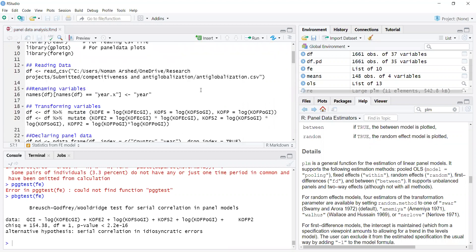This was our tutorial on basic panel data models. Hopefully it will help you estimate your panel data files. If you want more detail, you can look into advanced libraries to understand how to estimate more complex panel data models.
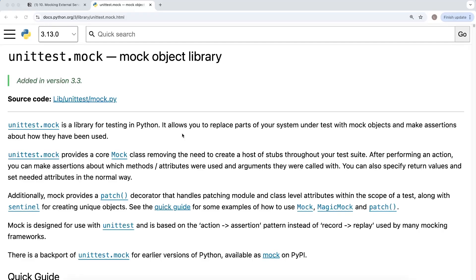In this video we're going to look at something different and a bit more advanced: mocking external services. Often when you build web applications you need to integrate with third-party services — examples include sending emails and notifications, integrating with message queues, caches, and other APIs. If your tests involve these external services, it's a good idea to mock them out and replace them with mock objects, making your test suite faster and more reliable.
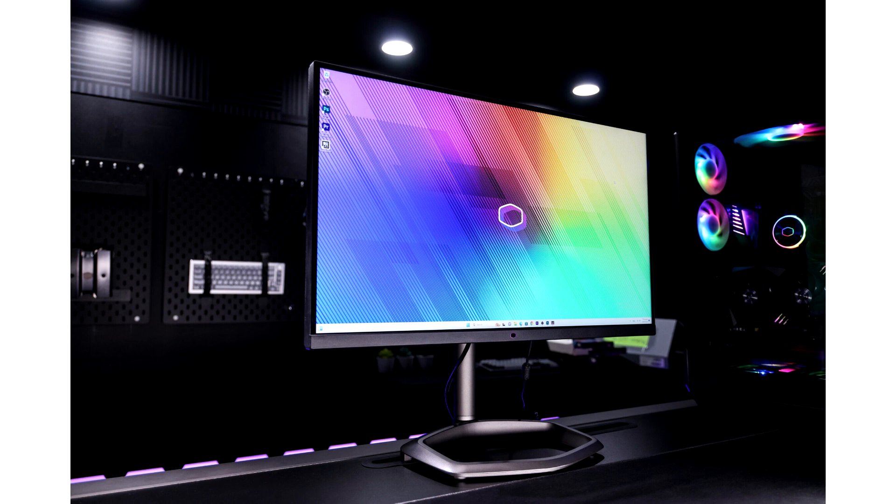The GP2711 is a testament to Cooler Master's dedication to innovation and user experience. Ideal for gamers, creative professionals, and everyday users, it delivers unparalleled visual fidelity and performance.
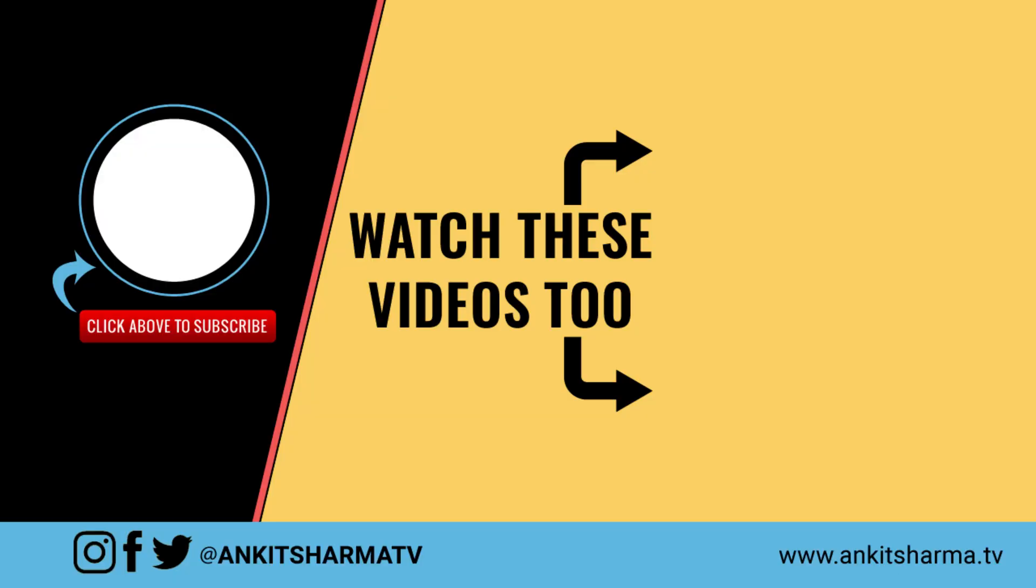And for more videos like this, make sure you subscribe to this channel and hit the notification bell so that you can get notified whenever we upload our next video. That's it for this one and I'll see you in the next video.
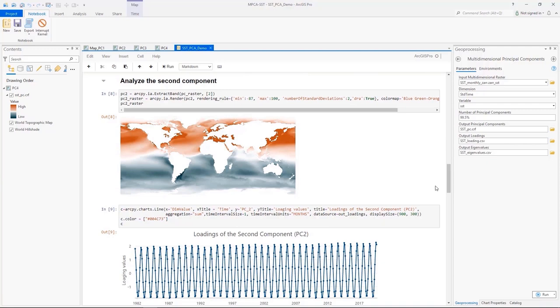Analyzing sea surface temperature pattern is just one example of deriving information from time series imagery. You can apply principal component analysis to many variables to unlock information in the scientific data, and provide valuable information for government and policy decision makers.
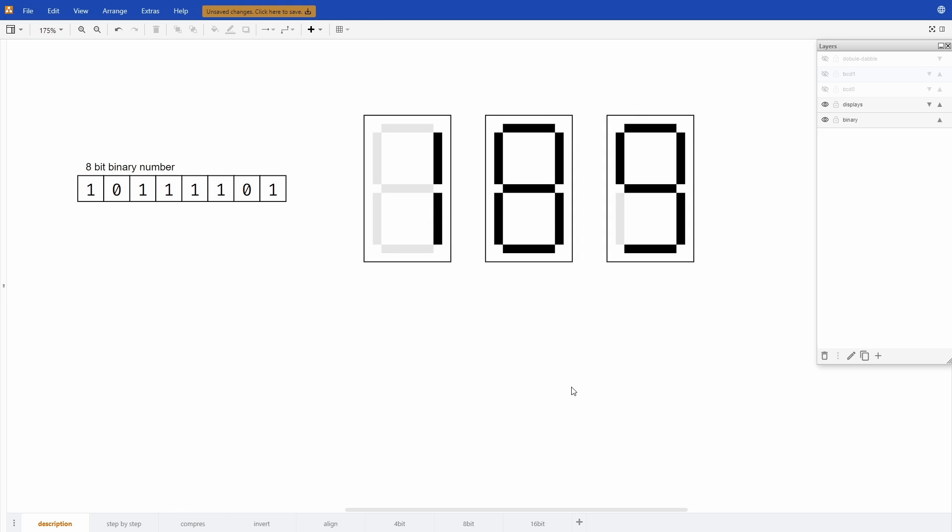Hi, today I'll be showing you some of the concepts you need to know to be able to display binary numbers in decimal.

#### EXERCISE DIRECTIONS
Exactly the lines from the line with "In this video" through the end of the data are to be reproduced, and no picture is to be included.

#### WRITTEN RESPONSE
In this video we're going to look at something different and a bit more advanced: mocking external services. Often when you build web applications you need to integrate with third-party services — examples include sending emails and notifications, integrating with message queues, caches, and other APIs. If your tests involve these external services, it's a good idea to mock them out and replace them with mock objects, making your test suite faster and more reliable.
The GP2711 is a testament to Cooler Master's dedication to innovation and user experience. Ideal for gamers, creative professionals, and everyday users, it delivers unparalleled visual fidelity and performance.
And for more videos like this, make sure you subscribe to this channel and hit the notification bell so that you can get notified whenever we upload our next video. That's it for this one and I'll see you in the next video.
Analyzing sea surface temperature pattern is just one example of deriving information from time series imagery. You can apply principal component analysis to many variables to unlock information in the scientific data, and provide valuable information for government and policy decision makers.
Hi, today I'll be showing you some of the concepts you need to know to be able to display binary numbers in decimal.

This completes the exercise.